I found where exactly in the code. I probably will introduce custom exceptions and raise and catch and show errors without crashing because it is not a critical error. it is sufficient to serialize /var/log/installer.error.log, i.e.; if the package list contains "meson" and is not found, there is no reason to crash the installer. Regarding additional path rpm, I am still trying to understand the logic because what I understand from the logic is that rpm needs to be in the list of XML. There is an extra check, so it is not just path to a file.

dcasota commented 1 year ago

For a later secureboot bootmode, adding *.rpms doesn’t give security hence “crashing” the installer imho isn’t that wrong. A comprehensive error message would be nice though.

spyroot commented 1 year ago

I'm referring to a unnessasery crash, adding RPM to the list. This will crash the installer; IMHO makes more sense to give a warning and move on. It is optional and outside of packagelist_file.json.

"additional_packages": [ "meson" ],

dcasota commented 1 year ago

meson specs comes with following specs BuildRequires: gcc BuildRequires: python3-devel BuildRequires: python3-setuptools BuildRequires: ninja-build BuildRequires: gtest-devel BuildRequires: gmock-devel BuildRequires: gettext

Requires: ninja-build Requires: python3 Requires: python3-setuptools

Just curious, less to do with the logfile content + recipe suggested, what happens with setup success adding python3 and python3-setuptools with a recursive package lookup into their “requires” entries?

spyroot commented 1 year ago

I may be ignorant in that regard, but I added RPM inside RPM dir and insider noarch since it is not arch.
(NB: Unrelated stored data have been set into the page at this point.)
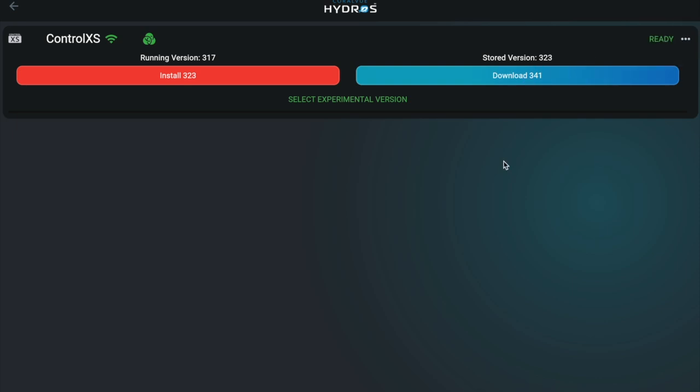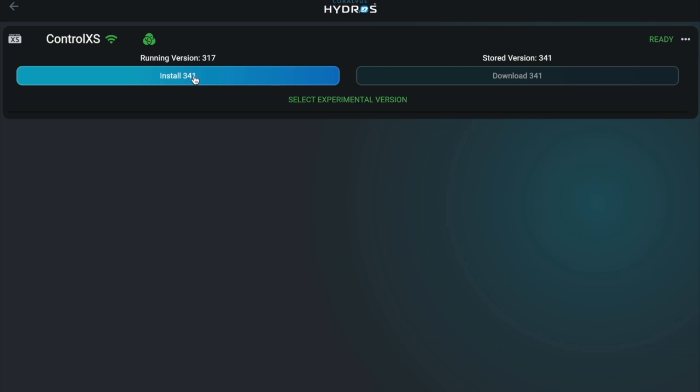Tap Download. Once the download is complete, tap Install for each device sequentially, saving the master for last.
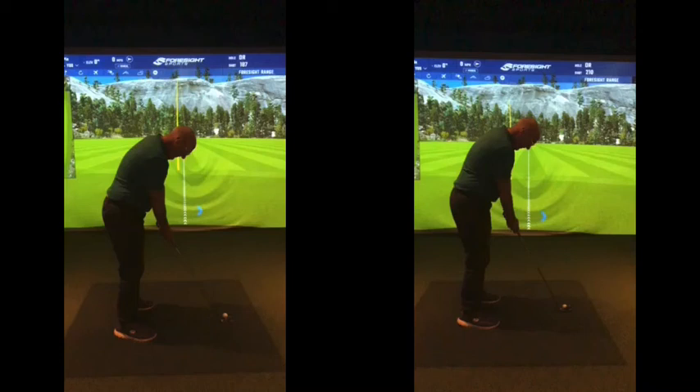Overall, as we said, when we were looking at you from this direction, set-up-wise looked good, the grip was good, the shoulder tilt was good.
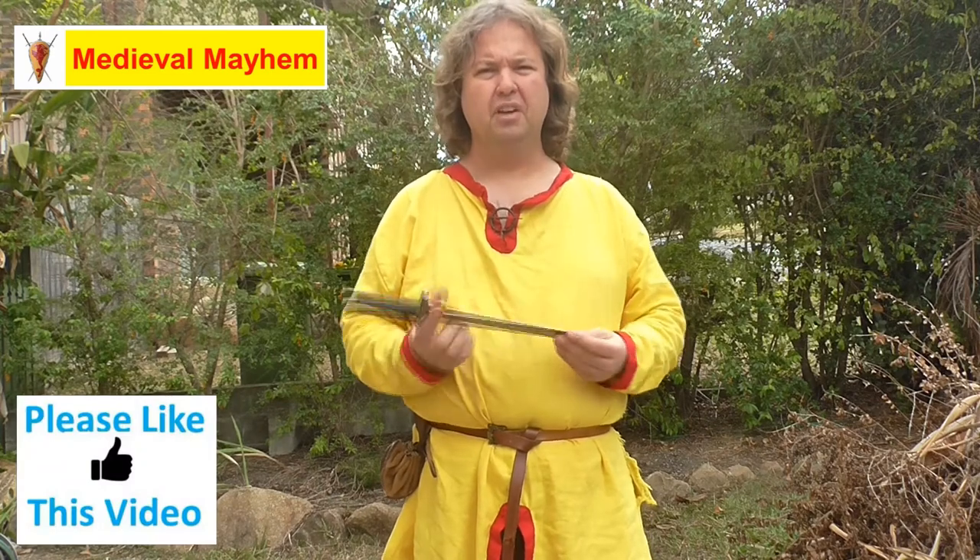I've been looking around really hard for some really good daggers and recently I bought quite a few, and I will be buying some more. I'm really impressed with these.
But what I don't know is what is related to packagelist_file json. In essence, if I just add copy rpm to RPM dir inside ISO, is it sufficient to step and installer resolve a file name based on the name? In essence, what is the correct step to add rpm to ISO?

Step I did.

I tried to copy it to rpm dir (inside ISO). Didn't work Copy to noarch dir. didn't work. ( it noarch rpm )

I also added a separate dir in ISO and added that dir to additional_rpm JSON, but it didn't work either. Additional_rpm

[
"/mnt/media/my_dir",
"/cdrom/media/my_dir"
// here, I basically added a bunch of dir just in case.
]

Already in the build, since I'm using packages_rt.json python3 python3-setuptools

If you could share what is the correct procedure, I'll repeat the experiment : ) My initial assumption was that Installer does sub-string match. So it just gets the list of files and finds a "meson" that is sufficient but since it is a bit undocumented I might be on the wrong path here.
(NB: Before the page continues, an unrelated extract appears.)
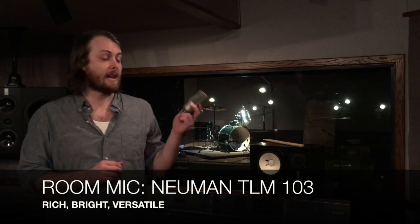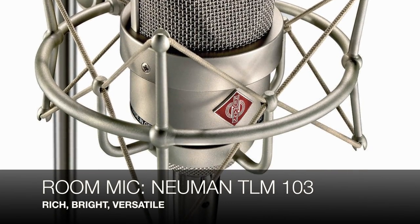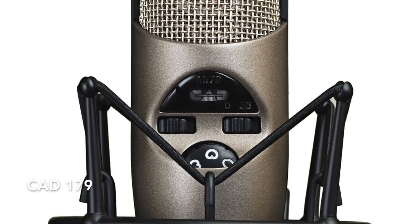And finally, to capture even more of the room, I'm going to be using a Neumann TLM-103. Some people say this mic is a little bit too bright — it is bright, but sometimes you want that sort of brightness. You could use a Rode NT-2000 or a CAD-179, but Neumann is an incredible German microphone maker. This mic is terrific — sounds great on vocals, sounds great anywhere, and it certainly sounds really great if you want to capture the room. So TLM-103, condenser microphone, that's what we're going to be using.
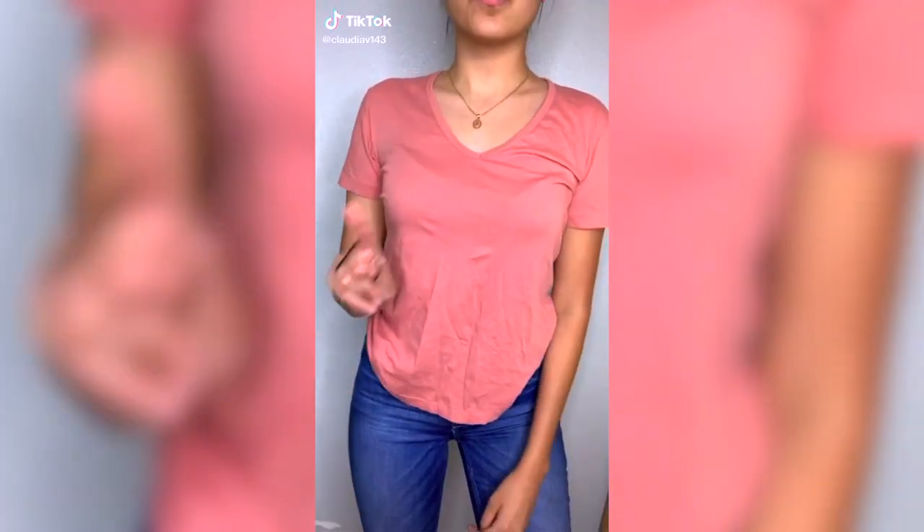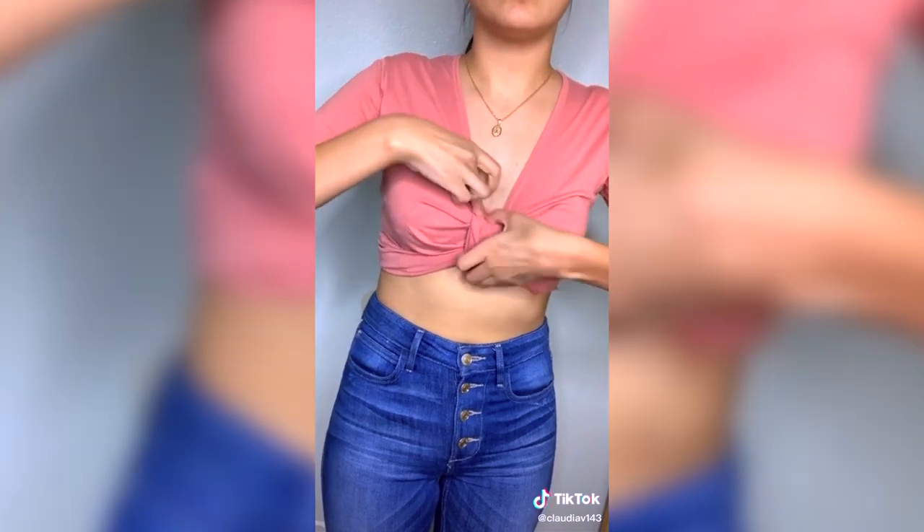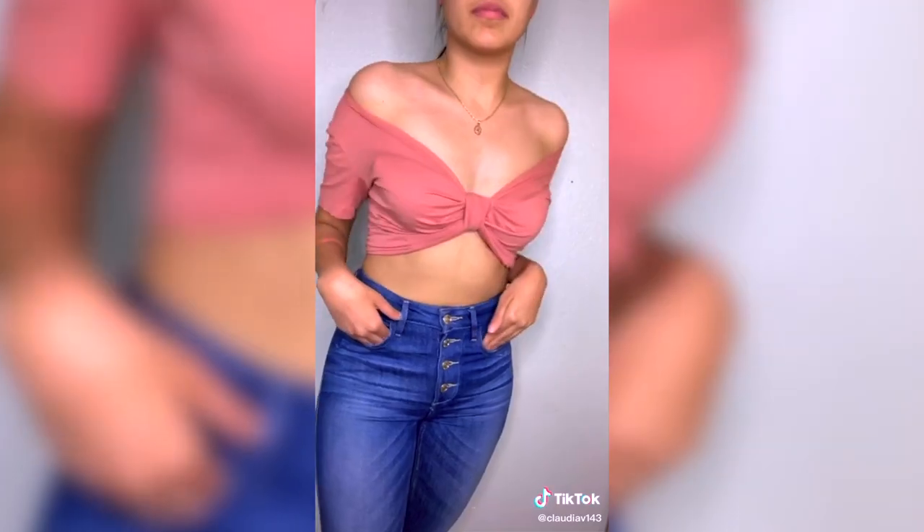This hack I'm very excited about. We are taking this t-shirt and without sewing or anything, we're turning it into a brand new shirt. That's right. No cutting, no sewing. It's just pure magic, really. All you need for this hack is a hair tie. I can already tell you this hack works a lot better with stretchy shirts. So I got this for $4 at Target and we're just going to tie it.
dcasota commented 1 year ago

Which meson package version do you use? https://github.com/vmware/photon/tree/5.0/SPECS/meson should work but hasn’t been backported yet to ph3. You could try the ph5beta. Is python3-setuptools preinstalled as well ? haven’t found it in https://github.com/vmware/photon/blob/3.0/common/data/packages_rt.json.

spyroot commented 1 year ago

It is 4.0.2, and RT ISO is smaller, but all python and other toolchains are there, and if you check, meson is packaged as a general package in full ISO and in the package tree. ( note I give one example meson). I tried lshw and a couple of other tools. None of them actually work, so there is an extra check somewhere.

I can also install it after the first reboot.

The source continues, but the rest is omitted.